**HOW TO COMPLETE THIS TASK**.
Only the lines from the opening of the material through the one containing "蓝色展板风医院医疗产妇心肺复苏ppt课件心脏复苏" should be reproduced, each exactly as it stands.

== == ==

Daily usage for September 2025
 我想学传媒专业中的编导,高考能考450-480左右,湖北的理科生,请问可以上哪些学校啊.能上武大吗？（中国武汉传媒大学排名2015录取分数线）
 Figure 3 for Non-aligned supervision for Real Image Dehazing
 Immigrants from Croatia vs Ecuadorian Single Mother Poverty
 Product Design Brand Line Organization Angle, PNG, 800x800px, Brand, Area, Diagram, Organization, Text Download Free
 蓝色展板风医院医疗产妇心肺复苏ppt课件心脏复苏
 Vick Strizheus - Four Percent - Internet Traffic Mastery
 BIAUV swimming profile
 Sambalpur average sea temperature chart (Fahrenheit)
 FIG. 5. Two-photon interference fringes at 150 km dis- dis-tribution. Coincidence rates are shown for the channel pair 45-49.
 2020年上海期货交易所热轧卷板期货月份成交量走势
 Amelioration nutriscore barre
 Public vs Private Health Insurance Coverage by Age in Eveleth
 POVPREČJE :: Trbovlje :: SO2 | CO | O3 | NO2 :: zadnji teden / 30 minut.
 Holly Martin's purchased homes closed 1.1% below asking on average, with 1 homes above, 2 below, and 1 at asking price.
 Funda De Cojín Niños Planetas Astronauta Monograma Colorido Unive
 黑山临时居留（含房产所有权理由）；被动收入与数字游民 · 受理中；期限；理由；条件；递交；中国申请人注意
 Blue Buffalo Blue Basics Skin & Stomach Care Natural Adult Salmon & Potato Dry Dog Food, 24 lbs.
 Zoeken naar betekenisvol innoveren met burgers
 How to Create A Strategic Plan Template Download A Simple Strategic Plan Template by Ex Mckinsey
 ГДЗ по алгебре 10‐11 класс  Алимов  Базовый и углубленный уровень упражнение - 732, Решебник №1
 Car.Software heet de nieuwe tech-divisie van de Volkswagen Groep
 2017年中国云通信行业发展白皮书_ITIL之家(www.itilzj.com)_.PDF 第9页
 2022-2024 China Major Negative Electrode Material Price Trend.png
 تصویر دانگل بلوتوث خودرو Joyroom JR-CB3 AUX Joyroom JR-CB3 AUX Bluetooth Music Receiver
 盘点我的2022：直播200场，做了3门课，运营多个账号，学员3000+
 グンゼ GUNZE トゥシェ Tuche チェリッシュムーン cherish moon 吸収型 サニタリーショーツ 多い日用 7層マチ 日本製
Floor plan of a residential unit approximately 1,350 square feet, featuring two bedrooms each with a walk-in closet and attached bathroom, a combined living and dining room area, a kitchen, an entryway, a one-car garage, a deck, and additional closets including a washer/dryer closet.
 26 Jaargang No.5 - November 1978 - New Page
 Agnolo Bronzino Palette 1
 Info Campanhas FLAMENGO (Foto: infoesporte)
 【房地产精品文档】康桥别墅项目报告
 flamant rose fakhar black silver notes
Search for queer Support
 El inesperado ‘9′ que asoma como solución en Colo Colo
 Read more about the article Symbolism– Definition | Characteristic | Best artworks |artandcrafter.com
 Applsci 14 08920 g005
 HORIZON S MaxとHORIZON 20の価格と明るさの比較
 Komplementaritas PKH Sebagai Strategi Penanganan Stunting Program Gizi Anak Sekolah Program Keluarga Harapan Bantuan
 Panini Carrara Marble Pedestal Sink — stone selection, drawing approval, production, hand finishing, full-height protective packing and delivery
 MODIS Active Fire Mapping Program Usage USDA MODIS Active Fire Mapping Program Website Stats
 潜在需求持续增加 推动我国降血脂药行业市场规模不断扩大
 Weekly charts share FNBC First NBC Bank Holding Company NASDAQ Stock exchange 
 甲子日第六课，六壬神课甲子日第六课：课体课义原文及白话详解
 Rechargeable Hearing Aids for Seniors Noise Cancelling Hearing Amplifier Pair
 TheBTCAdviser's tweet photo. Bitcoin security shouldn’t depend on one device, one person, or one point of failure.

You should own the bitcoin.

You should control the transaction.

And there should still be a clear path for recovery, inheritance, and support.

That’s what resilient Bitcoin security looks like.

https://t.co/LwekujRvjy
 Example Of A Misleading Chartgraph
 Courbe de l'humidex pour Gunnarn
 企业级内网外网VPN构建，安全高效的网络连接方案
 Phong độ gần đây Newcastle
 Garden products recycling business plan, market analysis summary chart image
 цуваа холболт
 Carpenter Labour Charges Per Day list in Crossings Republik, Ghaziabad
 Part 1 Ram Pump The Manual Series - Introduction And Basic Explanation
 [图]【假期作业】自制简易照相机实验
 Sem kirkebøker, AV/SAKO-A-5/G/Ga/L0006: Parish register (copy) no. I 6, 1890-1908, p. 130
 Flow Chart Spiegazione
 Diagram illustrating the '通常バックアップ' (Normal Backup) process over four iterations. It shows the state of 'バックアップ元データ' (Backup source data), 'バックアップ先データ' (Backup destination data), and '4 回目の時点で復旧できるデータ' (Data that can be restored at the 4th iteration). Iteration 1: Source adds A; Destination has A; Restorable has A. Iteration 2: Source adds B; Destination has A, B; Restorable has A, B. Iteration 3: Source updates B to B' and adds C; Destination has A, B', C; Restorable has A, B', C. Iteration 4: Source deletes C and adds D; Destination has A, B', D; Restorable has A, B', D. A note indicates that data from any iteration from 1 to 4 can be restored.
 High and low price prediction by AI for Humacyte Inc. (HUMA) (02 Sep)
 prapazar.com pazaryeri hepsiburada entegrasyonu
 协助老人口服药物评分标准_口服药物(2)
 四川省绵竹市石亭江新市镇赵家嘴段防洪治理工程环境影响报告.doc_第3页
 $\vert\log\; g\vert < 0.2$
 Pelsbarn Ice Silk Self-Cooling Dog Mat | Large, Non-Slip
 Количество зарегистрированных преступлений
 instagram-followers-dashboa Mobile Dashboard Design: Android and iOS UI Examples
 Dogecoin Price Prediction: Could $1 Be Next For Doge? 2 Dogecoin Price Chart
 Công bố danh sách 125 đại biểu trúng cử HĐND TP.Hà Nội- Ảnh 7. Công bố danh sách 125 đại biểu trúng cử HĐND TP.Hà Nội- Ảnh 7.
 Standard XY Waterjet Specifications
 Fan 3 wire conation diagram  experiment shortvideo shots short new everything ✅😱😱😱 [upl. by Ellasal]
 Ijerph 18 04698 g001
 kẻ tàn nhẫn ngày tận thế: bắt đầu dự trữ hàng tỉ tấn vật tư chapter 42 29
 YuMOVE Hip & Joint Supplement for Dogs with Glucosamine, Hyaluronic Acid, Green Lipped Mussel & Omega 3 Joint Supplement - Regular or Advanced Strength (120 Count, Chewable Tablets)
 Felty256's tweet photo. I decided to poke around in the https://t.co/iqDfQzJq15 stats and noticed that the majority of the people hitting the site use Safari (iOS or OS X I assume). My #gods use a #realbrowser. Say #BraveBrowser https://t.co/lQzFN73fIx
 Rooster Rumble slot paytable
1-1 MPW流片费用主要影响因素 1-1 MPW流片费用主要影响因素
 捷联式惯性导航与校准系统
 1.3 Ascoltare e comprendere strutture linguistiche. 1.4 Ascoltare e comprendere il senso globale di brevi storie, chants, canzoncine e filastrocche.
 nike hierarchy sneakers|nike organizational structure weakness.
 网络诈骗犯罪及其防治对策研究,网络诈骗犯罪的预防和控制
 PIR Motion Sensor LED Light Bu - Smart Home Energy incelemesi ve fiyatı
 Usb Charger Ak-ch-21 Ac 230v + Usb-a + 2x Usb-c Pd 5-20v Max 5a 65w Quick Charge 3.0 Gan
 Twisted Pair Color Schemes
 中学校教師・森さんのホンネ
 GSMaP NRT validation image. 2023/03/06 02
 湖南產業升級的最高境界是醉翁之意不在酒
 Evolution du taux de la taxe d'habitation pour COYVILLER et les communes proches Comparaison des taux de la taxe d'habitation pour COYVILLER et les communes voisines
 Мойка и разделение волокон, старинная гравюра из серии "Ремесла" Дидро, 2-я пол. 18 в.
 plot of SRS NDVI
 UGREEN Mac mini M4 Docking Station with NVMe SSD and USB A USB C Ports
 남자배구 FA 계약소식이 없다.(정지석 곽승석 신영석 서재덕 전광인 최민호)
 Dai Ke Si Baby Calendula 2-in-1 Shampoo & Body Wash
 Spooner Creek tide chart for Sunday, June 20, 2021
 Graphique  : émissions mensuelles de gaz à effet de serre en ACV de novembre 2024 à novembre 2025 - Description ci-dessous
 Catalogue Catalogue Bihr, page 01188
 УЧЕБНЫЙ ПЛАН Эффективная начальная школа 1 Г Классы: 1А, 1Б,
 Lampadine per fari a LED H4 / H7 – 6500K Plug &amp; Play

== == ==

**SOLUTION TO THIS EXERCISE**.
Daily usage for September 2025
 我想学传媒专业中的编导,高考能考450-480左右,湖北的理科生,请问可以上哪些学校啊.能上武大吗？（中国武汉传媒大学排名2015录取分数线）
 Figure 3 for Non-aligned supervision for Real Image Dehazing
 Immigrants from Croatia vs Ecuadorian Single Mother Poverty
 Product Design Brand Line Organization Angle, PNG, 800x800px, Brand, Area, Diagram, Organization, Text Download Free
 蓝色展板风医院医疗产妇心肺复苏ppt课件心脏复苏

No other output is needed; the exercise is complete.